A view from the Five-hundred-meter Aperture Spherical Telescope in Guizhou, China, which monitored pulsars to detect gravitational waves.Credit: NAOC of CAS

Monster gravitational waves spotted

Gravitational waves are back, and they’re bigger than ever. Researchers have spotted hints of space-time ripples that are light-years long, and thousands of times stronger and longer than the first gravitational waves ever found, in 2015. The first detection used the ground-based Laser Interferometer Gravitational-Wave Observatory (LIGO) detector — this time, scientists tracked changes in the distances between Earth and beacon stars called pulsars to reveal how passing gravitational waves stretch and squeeze space. “We can tell that the Earth is jiggling due to gravitational waves that are sweeping our Galaxy,” says astrophysicist and co-author Scott Ransom. The waves’ most likely source is the combined signal from many pairs of enormous black holes slowly orbiting each other in the hearts of distant galaxies.

Nature | 6 min read

References: The Astrophysical Journal Letters paper 1 & paper 2, Research in Astronomy and Astrophysics paper, arXiv preprint

Shot in the arm for TB vaccine

Two major funders — the Bill & Melinda Gates Foundation and Wellcome — have announced that they will pour US$550 million into taking a promising vaccine candidate for tuberculosis through a large clinical trial.
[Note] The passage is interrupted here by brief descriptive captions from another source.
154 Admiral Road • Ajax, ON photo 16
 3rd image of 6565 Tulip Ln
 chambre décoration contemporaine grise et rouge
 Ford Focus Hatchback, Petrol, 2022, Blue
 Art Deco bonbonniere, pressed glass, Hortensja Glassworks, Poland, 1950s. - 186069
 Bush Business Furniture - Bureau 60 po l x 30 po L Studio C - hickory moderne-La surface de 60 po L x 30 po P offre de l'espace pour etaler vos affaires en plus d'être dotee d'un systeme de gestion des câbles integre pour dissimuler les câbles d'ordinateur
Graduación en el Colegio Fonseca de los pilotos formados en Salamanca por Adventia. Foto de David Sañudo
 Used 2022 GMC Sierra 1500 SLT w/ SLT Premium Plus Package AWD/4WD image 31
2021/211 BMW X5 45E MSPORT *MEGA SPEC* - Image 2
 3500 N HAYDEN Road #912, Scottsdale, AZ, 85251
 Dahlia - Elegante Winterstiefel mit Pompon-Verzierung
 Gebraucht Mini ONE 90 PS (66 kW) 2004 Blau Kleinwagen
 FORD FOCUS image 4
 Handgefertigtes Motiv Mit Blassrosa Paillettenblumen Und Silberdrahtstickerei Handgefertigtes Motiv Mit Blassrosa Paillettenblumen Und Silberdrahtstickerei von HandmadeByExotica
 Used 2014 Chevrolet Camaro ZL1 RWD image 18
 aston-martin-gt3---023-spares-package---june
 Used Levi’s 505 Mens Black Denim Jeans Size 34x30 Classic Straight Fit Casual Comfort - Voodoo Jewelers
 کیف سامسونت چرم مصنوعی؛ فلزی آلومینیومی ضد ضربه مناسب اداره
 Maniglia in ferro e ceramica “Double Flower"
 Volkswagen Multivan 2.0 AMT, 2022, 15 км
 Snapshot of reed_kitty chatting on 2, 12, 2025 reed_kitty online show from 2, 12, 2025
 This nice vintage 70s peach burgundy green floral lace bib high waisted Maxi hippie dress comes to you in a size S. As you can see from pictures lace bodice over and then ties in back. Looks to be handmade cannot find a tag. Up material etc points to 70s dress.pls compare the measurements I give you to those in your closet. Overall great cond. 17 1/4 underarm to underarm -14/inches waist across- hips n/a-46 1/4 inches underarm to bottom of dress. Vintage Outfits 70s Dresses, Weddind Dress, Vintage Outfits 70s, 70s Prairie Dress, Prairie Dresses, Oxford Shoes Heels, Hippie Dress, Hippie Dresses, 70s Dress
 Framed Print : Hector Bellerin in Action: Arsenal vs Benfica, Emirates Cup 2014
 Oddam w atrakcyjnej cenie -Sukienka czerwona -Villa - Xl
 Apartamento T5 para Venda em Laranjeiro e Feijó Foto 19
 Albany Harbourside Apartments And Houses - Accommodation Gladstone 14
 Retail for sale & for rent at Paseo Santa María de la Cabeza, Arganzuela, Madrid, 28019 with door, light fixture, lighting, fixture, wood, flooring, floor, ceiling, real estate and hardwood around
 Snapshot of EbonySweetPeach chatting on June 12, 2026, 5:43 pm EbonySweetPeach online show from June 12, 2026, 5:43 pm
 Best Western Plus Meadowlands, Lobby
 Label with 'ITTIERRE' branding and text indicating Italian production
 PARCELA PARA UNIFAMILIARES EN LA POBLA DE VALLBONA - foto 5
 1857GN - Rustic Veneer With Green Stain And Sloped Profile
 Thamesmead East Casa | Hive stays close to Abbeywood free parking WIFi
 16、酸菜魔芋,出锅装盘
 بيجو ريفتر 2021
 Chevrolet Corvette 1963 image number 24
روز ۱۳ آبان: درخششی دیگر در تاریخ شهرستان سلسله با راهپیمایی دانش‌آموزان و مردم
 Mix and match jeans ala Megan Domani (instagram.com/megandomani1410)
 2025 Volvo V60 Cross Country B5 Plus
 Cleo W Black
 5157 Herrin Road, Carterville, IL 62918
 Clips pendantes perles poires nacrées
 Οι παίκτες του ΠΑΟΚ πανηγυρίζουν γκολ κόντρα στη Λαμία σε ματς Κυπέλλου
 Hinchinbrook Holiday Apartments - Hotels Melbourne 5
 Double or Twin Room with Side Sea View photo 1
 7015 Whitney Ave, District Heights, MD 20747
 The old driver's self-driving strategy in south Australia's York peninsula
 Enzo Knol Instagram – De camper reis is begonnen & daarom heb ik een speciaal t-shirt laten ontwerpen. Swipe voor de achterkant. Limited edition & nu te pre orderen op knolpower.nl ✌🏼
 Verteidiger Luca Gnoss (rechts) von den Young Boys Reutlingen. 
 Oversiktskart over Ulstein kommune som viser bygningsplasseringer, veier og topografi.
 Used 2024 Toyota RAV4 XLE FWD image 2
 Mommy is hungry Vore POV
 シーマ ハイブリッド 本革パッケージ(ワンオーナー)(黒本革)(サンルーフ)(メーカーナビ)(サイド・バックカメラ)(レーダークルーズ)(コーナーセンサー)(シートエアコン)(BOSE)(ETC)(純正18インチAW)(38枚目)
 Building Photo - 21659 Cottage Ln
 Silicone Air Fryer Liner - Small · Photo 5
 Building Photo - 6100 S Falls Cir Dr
If successful, it will be the first tuberculosis vaccine to be commercialized in more than a century. The vaccine aims to tackle latent infections of Mycobacterium tuberculosis in adults. The current BCG vaccine (short for Bacillus Calmette–Guérin) offers limited protection against latent infections, which affect one in four people globally. The phase III trial will recruit 26,000 participants in several countries across Asia and Africa.

Nature | 3 min read

Woman the hunter

Evidence from 67 hunter-gatherer societies going back to the late 1800s shows that women hunt in most of them, with little evidence for rigid rules about who did what. “If somebody liked to hunt, they could just hunt,” says biological anthropologist and co-author Cara Wall-Scheffler. The work overturns the last vestiges of the tenacious ‘man the hunter’ myth that says ‘men hunt and women gather’, which can still influence how archaeological sites are interpreted.

Science | 5 min read

Reference: PLoS ONE paper

Bad childhood-cancer drugs still spreading

An unapproved, substandard cancer drug is being used in Italian hospitals, months after it was revealed to be flooding the world. Asparaginase is a treatment for the most common type of childhood leukaemia, acute lymphoblastic leukaemia. In January, The Bureau of Investigative Journalism reported that at least a dozen poor-quality brands of asparaginase had reached 90 countries. The cost of the gold-standard versions of the medication has ballooned past what many countries can afford, leaving them reliant on cheaper versions that they don’t realize can be ineffective — or even harmful. The latest revelations show that it’s still happening, with gaps in Italian and European Union regulations allowing imports that bypass the country’s drugs regulator.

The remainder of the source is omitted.